The largest share of the projected costs for nuclear delivery systems would go to strategic submarines. The Navy wants to buy 12 new ballistic missile submarines with a total production cost of about $100 billion. The Air Force is seeking up to 100 new, nuclear-armed strategic bombers that would cost about $80 billion, as well as new intercontinental ballistic missiles and air-launched cruise missiles. The Energy Department’s National Nuclear Security Administration (NNSA) is also pursuing a $60 billion plan to upgrade five nuclear warhead types, including the B61 gravity bomb.

These eye-popping projections come at a time that defense budget growth is declining, and spending on these weapons systems at these levels cannot be sustained. And given the declining role of nuclear weapons in U.S. defense strategy, planning to maintain an unaffordable, Cold War-sized force is unnecessary.

It is not too late, however, to chart a different course. The Departments of Defense and Energy are in the process of making long-term, multi-billion dollar decisions about how many new missiles, submarines, bombers and nuclear warheads the nation will build and deploy over the next 30 years. These plans should be reevaluated before major budget decisions are locked in.

Arms Reductions Create Opportunity

Fortunately, ongoing U.S. and Russian nuclear arsenal reductions under New START open the door to major budget savings at this pivotal time.

The U.S. nuclear stockpile has dropped by 80 percent since its peak in 1967, but is still a formidable force of about 4,800 warheads.[6] The arsenal’s high cost, combined with shrinking budgets, stockpiles, and missions, should compel the Pentagon to rethink its oversized plans to rebuild U.S. nuclear forces in the years ahead.

The United States maintained a total nuclear stockpile of 4,804 warheads as of September 2013.[7] This includes a deployed arsenal of about 2,100 strategic and tactical warheads and associated delivery systems--missiles, submarines, and bombers--and the rest in reserve.[8] As of 2014, the U.S. government reported that there are approximately 1,642 New START-accountable deployed nuclear warheads.[9]

New START will take the United States and Russia down to 1,550 treaty-accountable, deployed strategic warheads by 2018. Other than Russia, the only potential U.S. adversary with a long-range nuclear capability is China, which has no more than 75 single-warhead, intercontinental ballistic missiles, according to the Pentagon.[10]

In June 2013, President Obama announced the United States would pursue a new agreement with Russia to further reduce strategic weapons, as well as to reduce tactical weapons.  The U.S. military leadership has determined it can reduce deployed strategic warheads to 1,000-1,100, or about one-third below New START levels.

Renewed U.S.-Russian tensions and domestic political opposition may delay nuclear force reductions for some time. Nevertheless, the United States can maintain New START warhead levels and still achieve significant cost savings over the next decade and beyond by making smarter choices regarding nuclear weapons spending.

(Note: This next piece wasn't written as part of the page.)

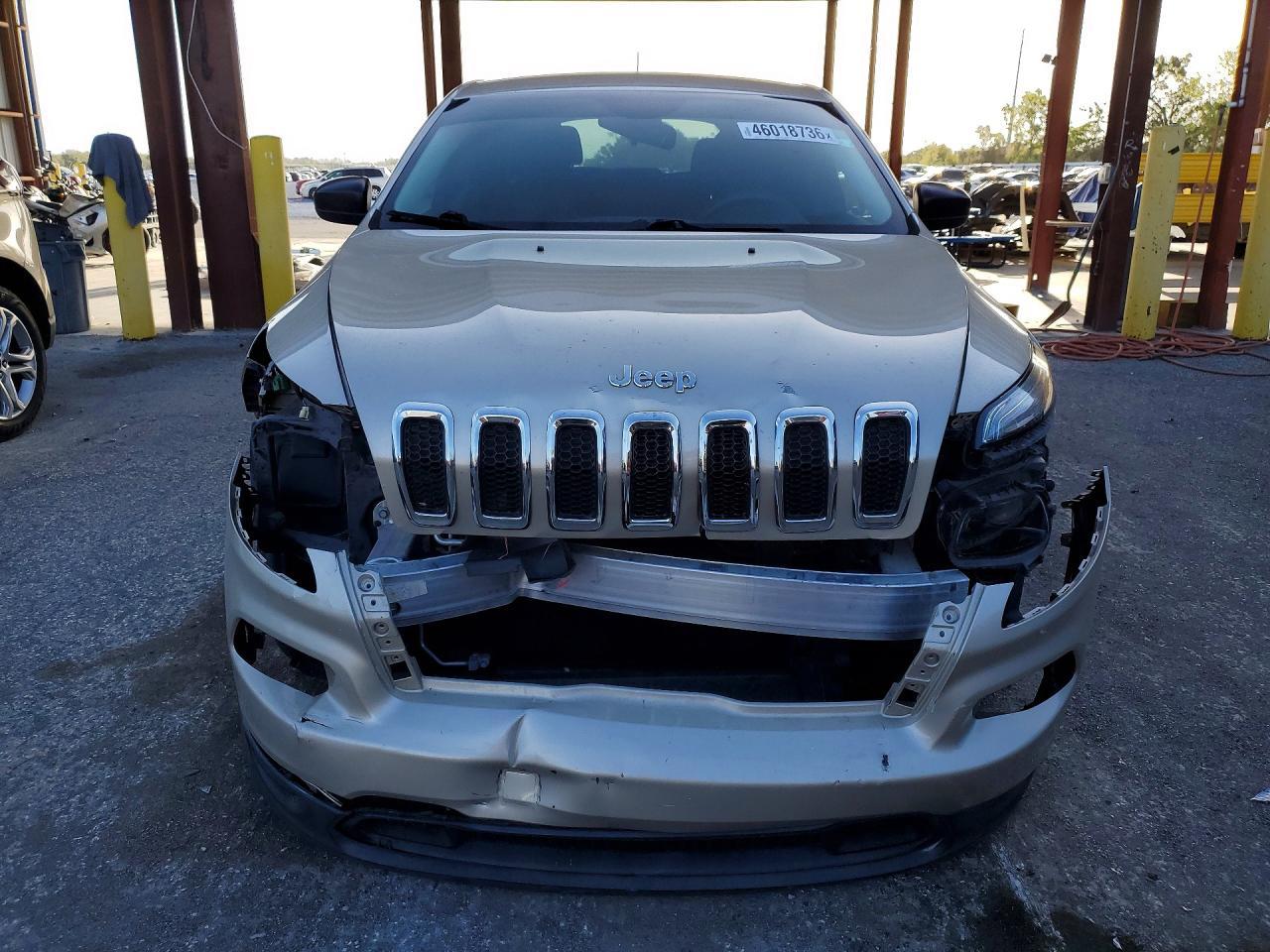 2015 Jeep Cherokee Sport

A More Cost-Effective Approach

This analysis describes realistic, common sense options for reducing U.S. military spending on nuclear weapons that would save U.S. taxpayers about $70 billion from FY 2014-2023 (see Figure D). The baseline for this analysis is the CBO estimate of current plans to maintain U.S. nuclear forces, build a new “triad” of delivery systems (submarines, bombers, and missiles), and extend the service life of nuclear warheads.

These options take advantage of arsenal reductions under New START, but do not assume additional reductions beyond that. They are designed to meet New START warhead requirements in a more cost-effective way and to postpone major procurement decisions where possible. If the United States does implement additional arsenal reductions in the future (either by treaty or reciprocal reductions), further budget savings would be possible.  

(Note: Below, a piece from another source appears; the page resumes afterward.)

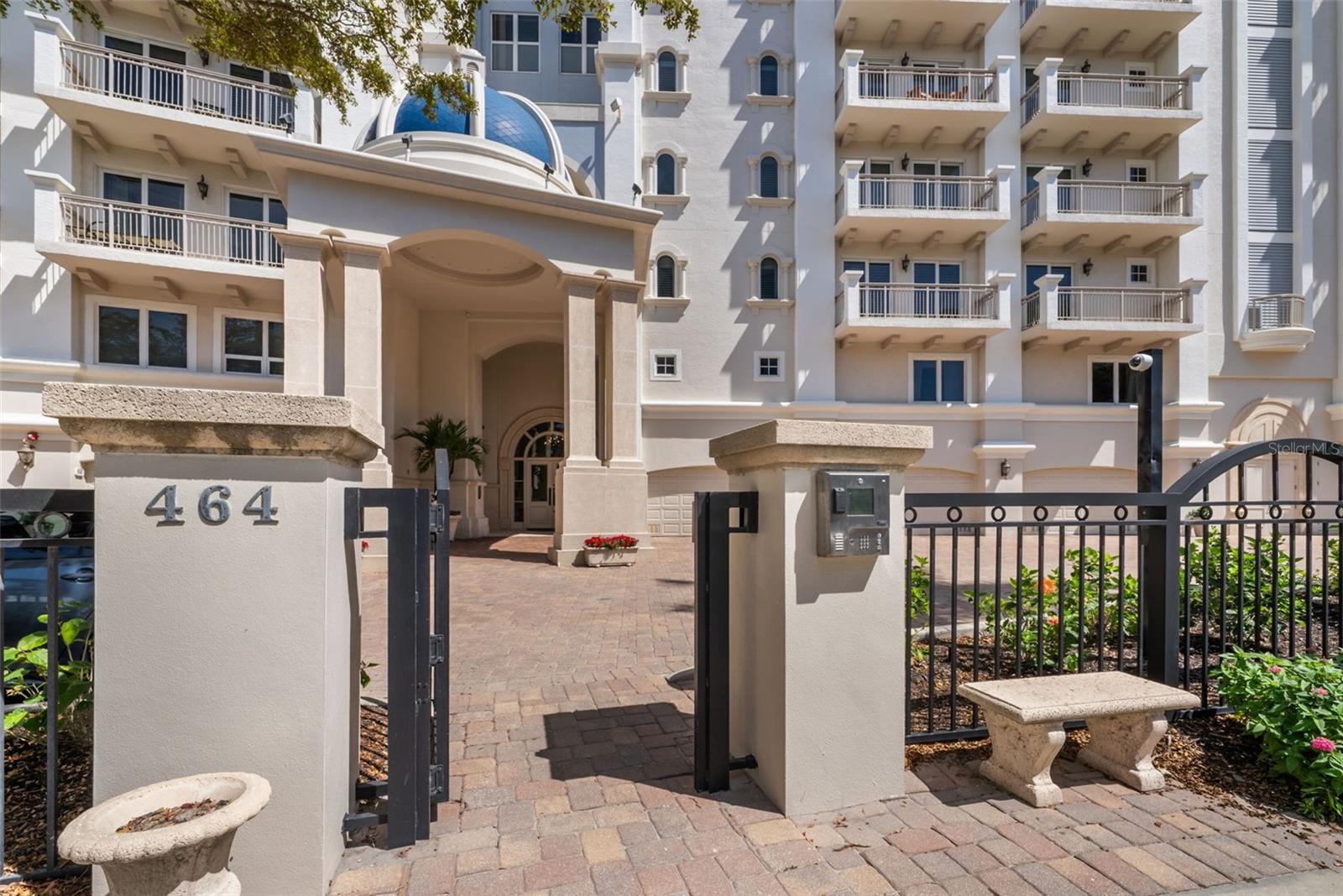 464 GOLDEN GATE PT #703, SARASOTA, FL, 34236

STRATEGIC SUBMARINES: 10-year savings, $16 billion

The United States Navy currently operates 336 Trident II D-5 SLBMs on 14 Ohio-class ballistic missile submarines (SSBNs) based out of Bangor, Washington (eight boats) and Kings Bay, Georgia (six boats). The Ohio-class submarines have a service life of 42 years, including a four-year, mid-life nuclear reactor refueling. Due to the refueling process and other maintenance, only 10-11 SSBNs are typically available for deployment at any given time. The Ohio-class SSBNs were launched between 1983 and 1996 and will be retired at a rate of approximately one boat per year between 2027 and 2040.

The Navy plans to replace the retiring boats, starting in 2031, with a new class of 12 ballistic missile submarines, referred to as the SSBN(X) or the Ohio Replacement (OR). The Navy is seeking 12 rather than 14 because the new submarine will not need a four-year mid-life refueling, but only a two-year overhaul. This shorter overhaul means that only two SSBN(X)s (rather than three or four Ohio class subs) would be out of service at any given time during the middle years of the sub’s life span.[11]

The Navy and NNSA will spend $82 billion on strategic submarines from 2014 to 2023, according to CBO, including $38 billion to operate the current fleet and $44 billion for the Ohio Replacement.

The Navy originally planned to start deploying the replacement boats in 2029, but in 2012 the Pentagon announced a two-year delay to the program, pushing back completion of the first SSBN(X) to 2031. As a result, the Navy will field only 10 ballistic missile submarines in the 2030s, and it is an open question whether the last two SSBN(X)s will be built in 2041-2042.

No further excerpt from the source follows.